> _How to complete this task_
Keep the pictures out and restate every record exactly.

> _Provided information_

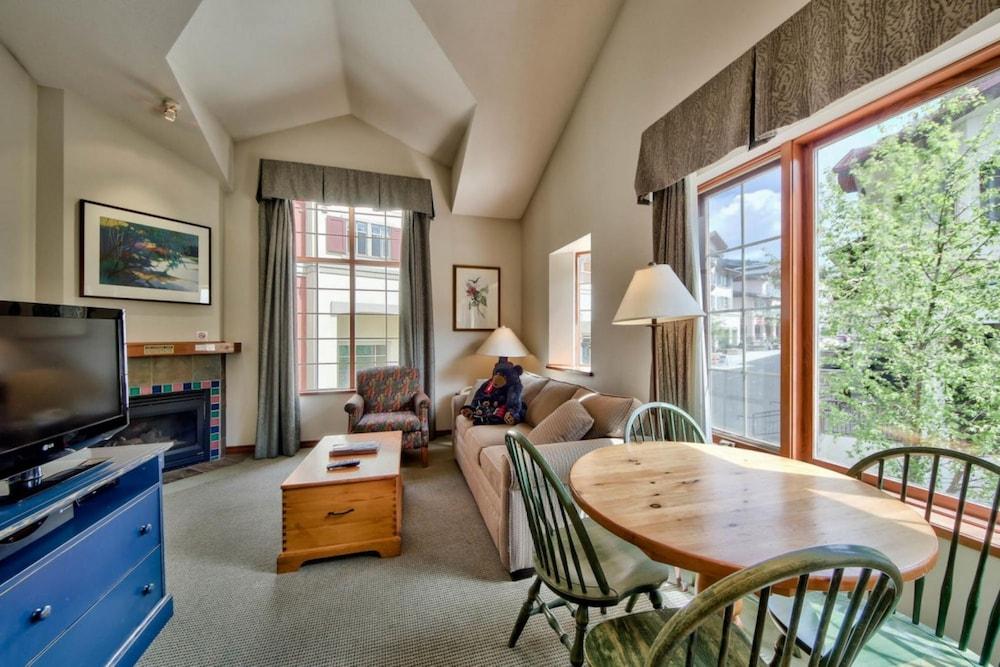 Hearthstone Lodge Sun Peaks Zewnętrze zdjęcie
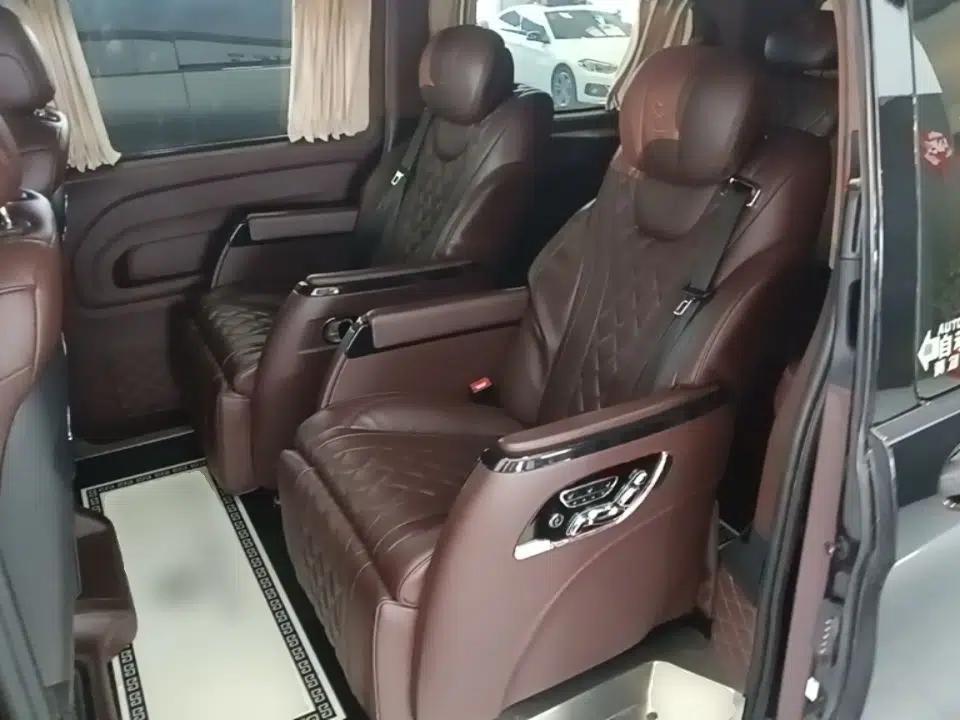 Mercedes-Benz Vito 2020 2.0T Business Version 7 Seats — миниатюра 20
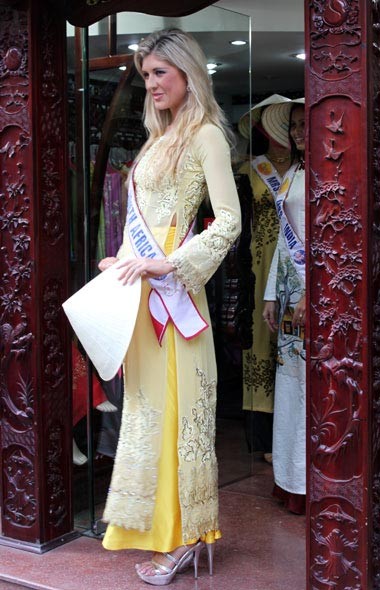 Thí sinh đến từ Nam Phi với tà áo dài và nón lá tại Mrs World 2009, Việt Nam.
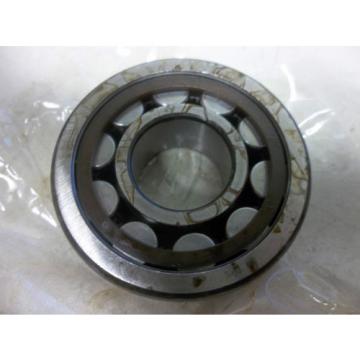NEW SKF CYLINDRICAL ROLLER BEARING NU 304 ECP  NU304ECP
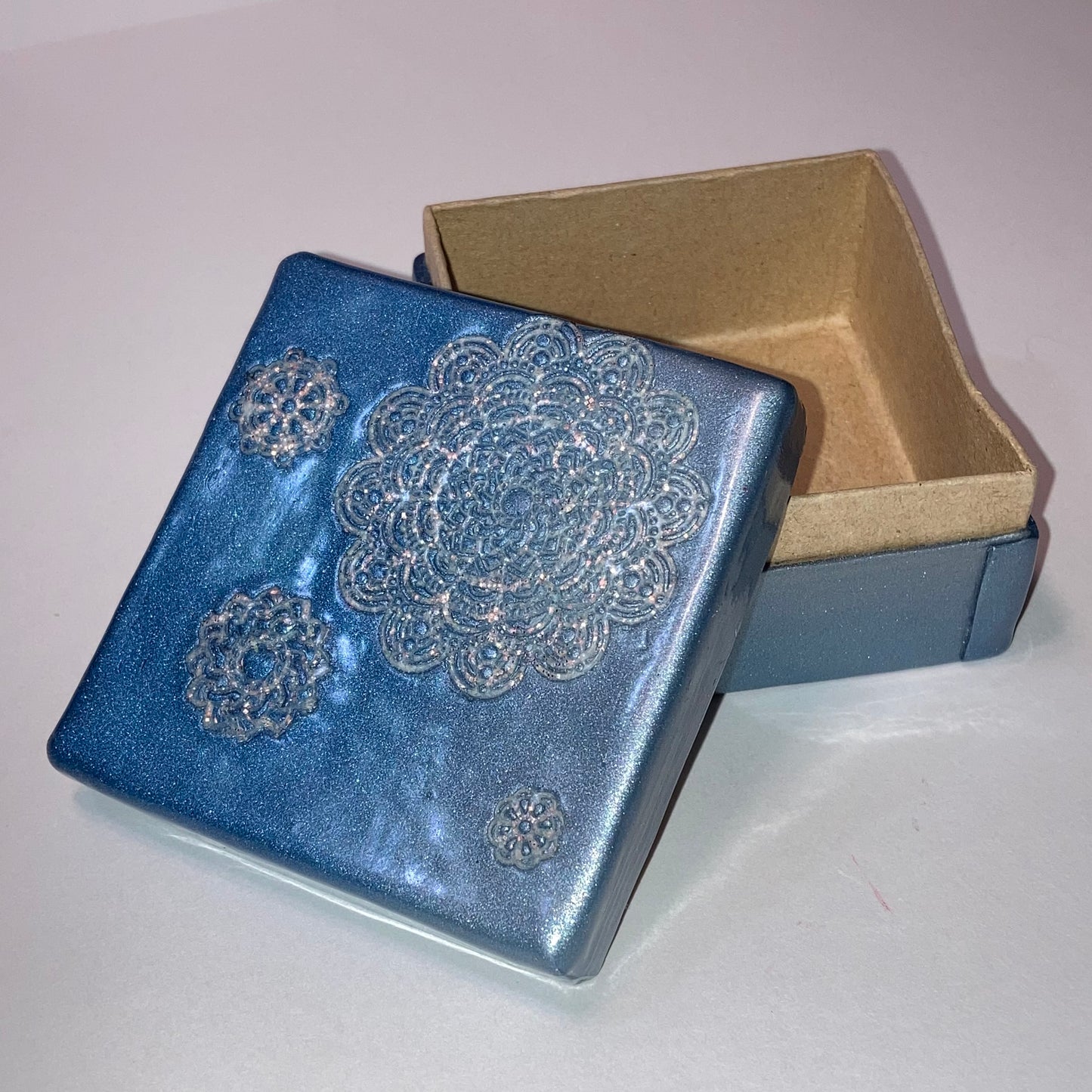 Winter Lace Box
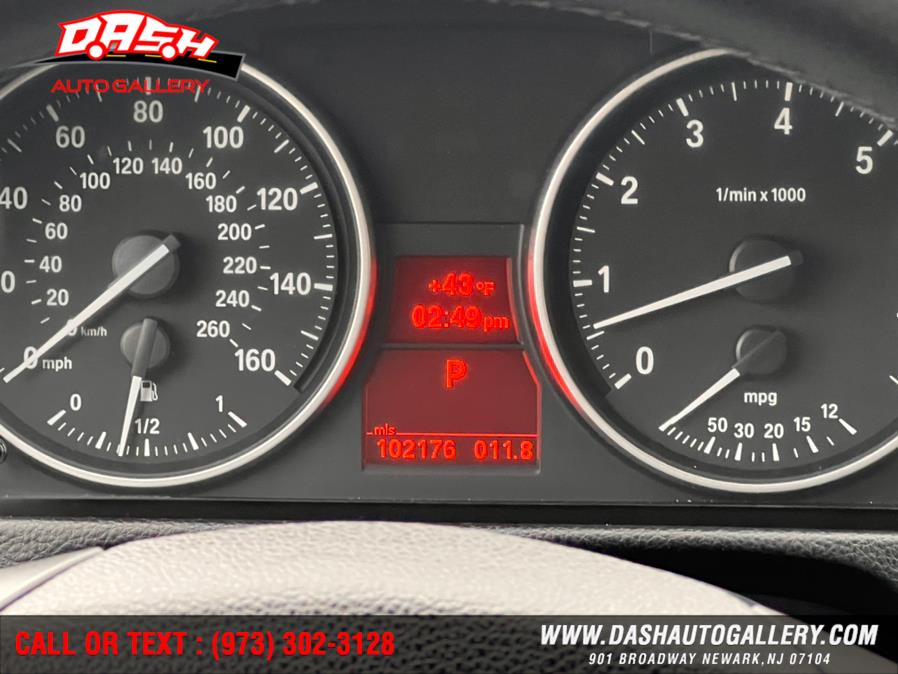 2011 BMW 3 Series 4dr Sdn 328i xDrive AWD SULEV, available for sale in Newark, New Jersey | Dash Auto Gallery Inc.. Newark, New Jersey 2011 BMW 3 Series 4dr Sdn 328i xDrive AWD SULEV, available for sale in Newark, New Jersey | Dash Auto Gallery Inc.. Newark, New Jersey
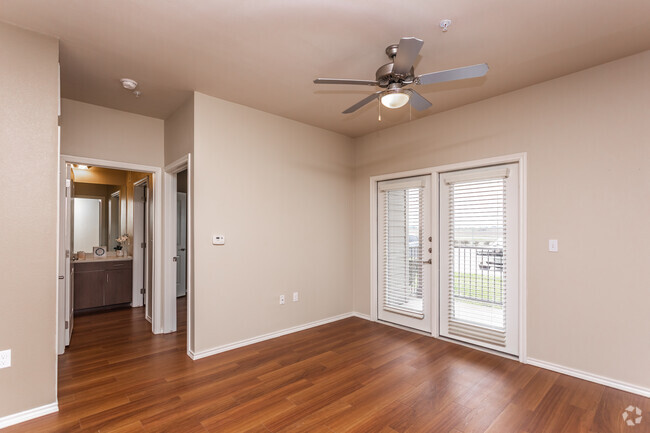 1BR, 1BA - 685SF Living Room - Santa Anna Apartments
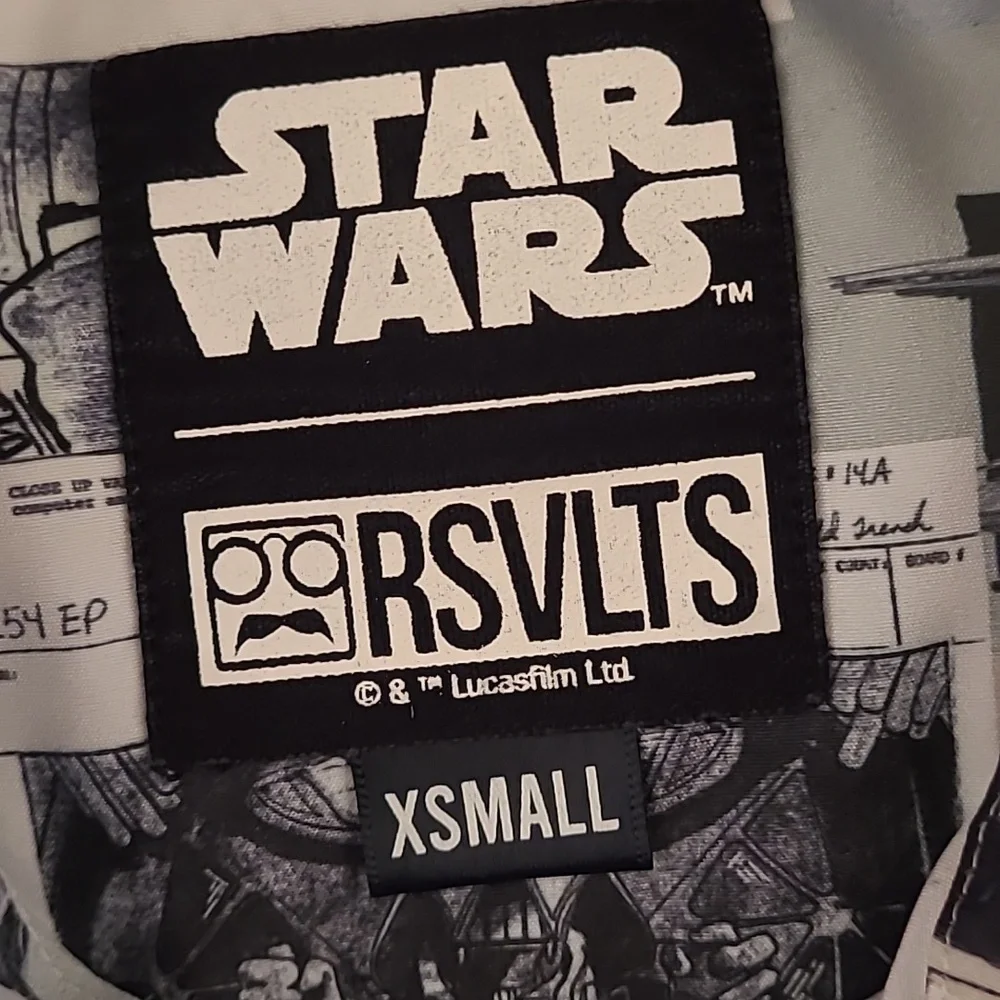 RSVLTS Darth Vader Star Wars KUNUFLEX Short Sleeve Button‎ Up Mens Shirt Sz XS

> _Exercise response_
 Hearthstone Lodge Sun Peaks Zewnętrze zdjęcie
 Mercedes-Benz Vito 2020 2.0T Business Version 7 Seats — миниатюра 20
 Thí sinh đến từ Nam Phi với tà áo dài và nón lá tại Mrs World 2009, Việt Nam.
NEW SKF CYLINDRICAL ROLLER BEARING NU 304 ECP  NU304ECP
 Winter Lace Box
 2011 BMW 3 Series 4dr Sdn 328i xDrive AWD SULEV, available for sale in Newark, New Jersey | Dash Auto Gallery Inc.. Newark, New Jersey 2011 BMW 3 Series 4dr Sdn 328i xDrive AWD SULEV, available for sale in Newark, New Jersey | Dash Auto Gallery Inc.. Newark, New Jersey
 1BR, 1BA - 685SF Living Room - Santa Anna Apartments
 RSVLTS Darth Vader Star Wars KUNUFLEX Short Sleeve Button‎ Up Mens Shirt Sz XS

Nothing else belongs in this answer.